The diagnosis of mass and cysts of the liver depends, first and foremost, on identification of the predominant cell type, in the former, and the predominant cyst lining cells (or the absence of such) in the latter.
Immunohistochemical staining is now the indispensable tool for diagnosing tumors and cysts; routine histochemical stains are simply insufficient in a majority of cases. But, as always in liver pathology, full knowledge of the clinical history and understanding of the status of the nontumoral liver are both essential in the diagnostic pathway – thus, diagnosis of liver masses and cysts is most often an interdisciplinary process.
Conditions that cause mass lesions:
Primary hepatocellularhepatocellular adenoma, focal nodular hyperplasia, hepatoblastoma, hepatocellular carcinoma)
Primary biliaryadenoma, cholangiocarcinoma
Mesenchymal lesionsmesenchymal hamartoma, infantile hemangioma, angiomyolipoma
Cystic lesionsmucinous cystic neoplasm, biliary intraductal papillary neoplasm, ciliated hepatic foregut cyst, abscess, hydatid cyst
Hematopoietic primary lymphoma, disseminated malignancy
Metastatic tumor
Caveats in Liver Biopsy Diagnosis
There is considerable overlap in morphological patterns of injury among various liver disease
Example: various hepatitides (viral, autoimmune, drug-induced) show portal inflammatory infiltrates and distinction between them often requires clinical and serological data
More than one pattern of injury may be present in a liver biopsy.
Thus although ductular reaction intuitively indicates a biliary disease, mild ductular reaction may be present in chronic viral hepatitis. Similarly, portal inflammatory infiltrates may be present in biopsies with a pattern of lobular injury.
Liver injury due to drugs may mimic almost any liver disease and is therefore always a diagnostic consideration
Drugs are also the most frequent culprit of a mixed or atypical pattern of liver injury. Diagnosis of drug induced injury relies on 1) establishing a temporal relationship between injury and drug use (including disappearance of symptoms on withdrawal of drug and reappearance on re-challenge; and 2) excluding competing causes of the observed findings.
Pathognomic features of certain diseases may be very focal and not always represented in a liver biopsy.

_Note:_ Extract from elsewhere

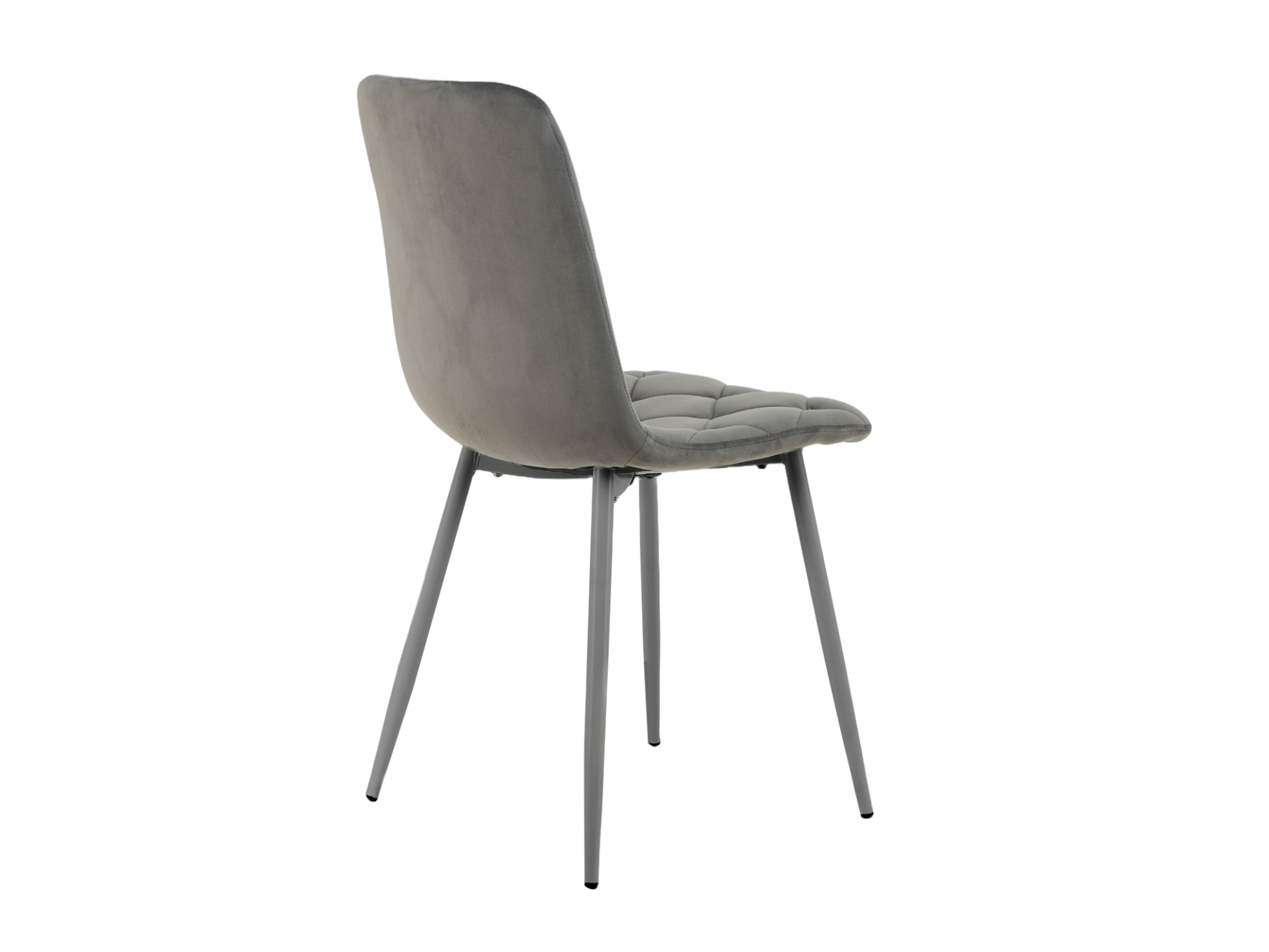 Стілець N-41 темно-сірий велюр + сірий 3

Example: Granulomatous cholangio-destruction of primary biliary cirrhosis or the occluded central veins of veno-occlusive disease/ sinusoidal obstruction syndrome. In such cases, other “soft” findings may be helpful in establishing the diagnosis against the right clinical context.
Some diseases demonstrate a diverse pattern of liver injury
Example: Wilson disease may present with a pattern of chronic hepatitis or steatohepatitis. Another example includes alpha-1 antitrypsin deficiency
With some lesions, the pattern observed in a liver biopsy depends upon what part of the lesion was obtained by the biopsy.
Example: Focal nodular hyperplasia may be mistaken for cirrhosis or for hepatocellular adenoma, depending on where the needle biopsy entered the lesion.